Machine Gun Kelly is thinking big — torch-in-the-sky big. The GRAMMY-nominated artist, who’s leaned fully into his pop-punk second act over the past half decade, has dropped the official video for “starman,” a fist-pumping highlight from his 2025 album lost americana.

Directed by Sam Cahill, the clip folds in footage from mgk’s ongoing Lost Americana Tour, built around a towering Statue of Liberty stage prop that feels less like set design and more like thesis statement. The visual toggles between arena-scale spectacle and tighter performance shots, underscoring the song’s push-pull between escapism and self-exposure.
“starman” flips the sugar rush of Third Eye Blind’s 1997 hit “Semi-Charmed Life” into something more existential — a recontextualized chorus that swaps carefree irony for millennial burnout. The track was written and produced alongside longtime collaborator Travis Barker, who also handles drums, plus SlimXX, BazeXX, Nick Long, and No Love For The Middle Child. Sonically, it’s a rush of new-wave sheen, pop-punk velocity, and arena-rock catharsis engineered for mass sing-alongs.
The video arrives as the Lost Americana Tour barrels ahead. After a winter pause, the trek resumed in Europe and returns to the U.S. May 15 in Wheatland, California, before wrapping July 1 in Ridgefield, Washington — another victory lap for an album that debuted Top Five on the Billboard 200 and marked mgk’s third straight No. 1 on the Top Rock & Alternative Albums chart. Tickets to the tour can be found here.
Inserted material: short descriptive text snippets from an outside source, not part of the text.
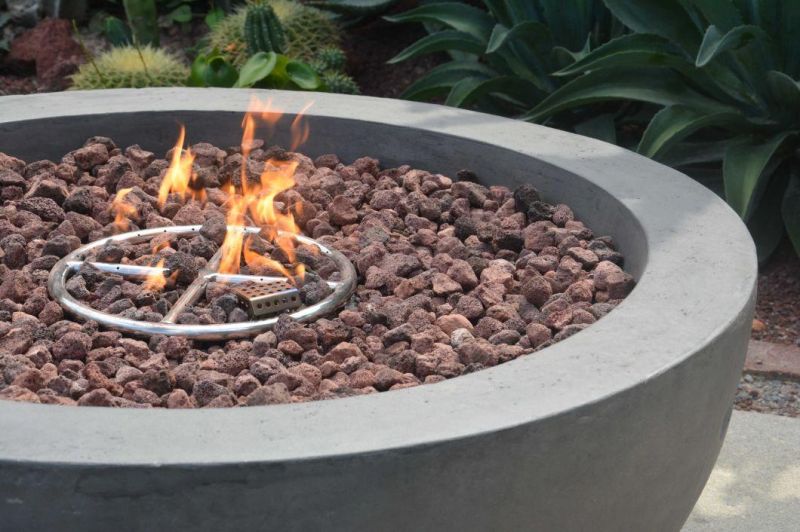 Natural Gas Round Gfrc Gas Fire Pits Morden Style Coffee Table Light Grey Smooth Surface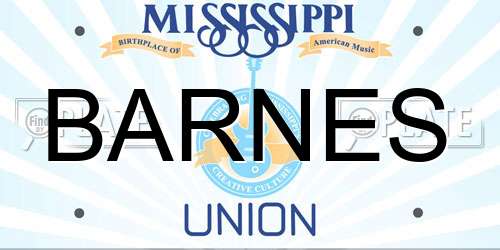 BARNES Mississippi License Plate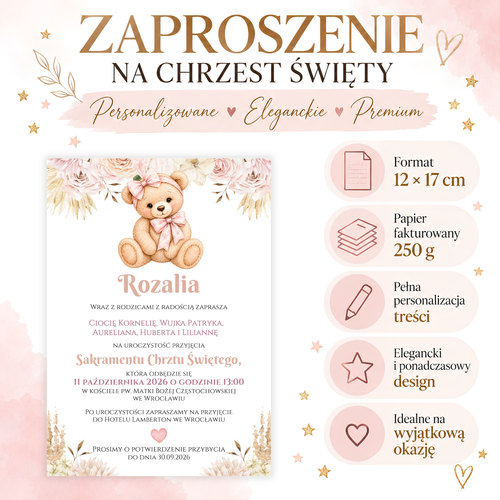 Infografika produktu: Zaproszenie na Chrzest Święty, format 12 × 17 cm, papier fakturowany 250 g, pełna personalizacja treści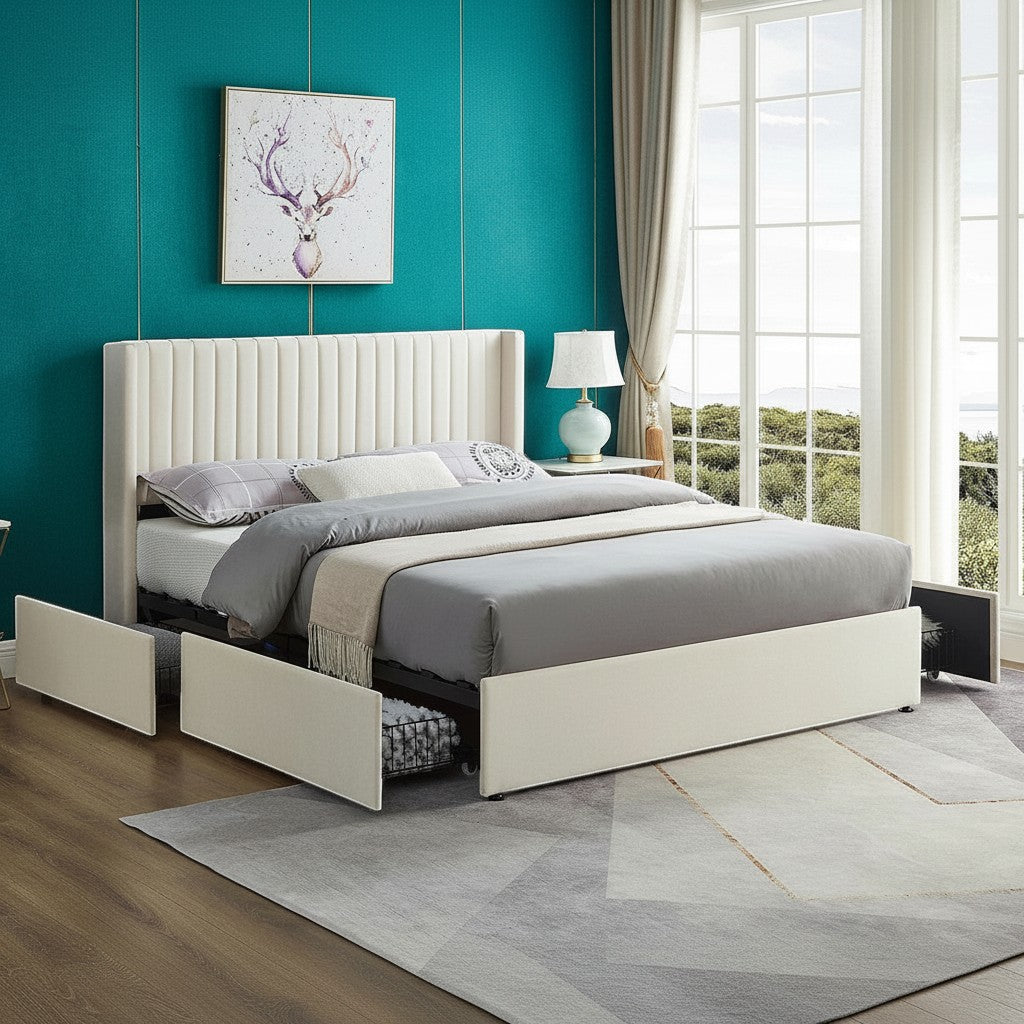 TOCO Meubles cream velvet double bed with vertical channel tufting on headboard and storage drawers.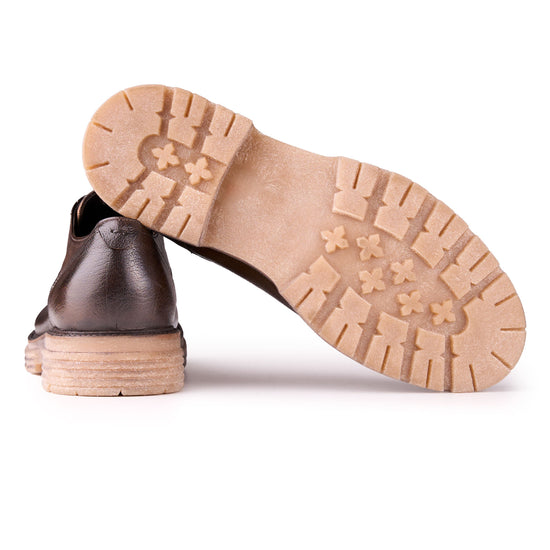 Leather Derby Shoes with Lugged Sole - MONTEZEMOLO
Earlier this year, mgk revisited his breakthrough era with Tickets to My Downfall (All Access), an anniversary edition executive produced by Barker that unlocked five previously unreleased tracks from the vault. He also dropped “times of my life,” a reflective outtake dating back to the original Tickets sessions — a reminder that the pivot from rap provocateur to pop-punk revivalist wasn’t a stunt, but a recalibration.
If lost americana was about chasing a myth of freedom, “starman” plants its flag squarely in the contradictions — bright lights, big stages, and the uneasy feeling that you’re still trying to outrun something once the amplifiers cool.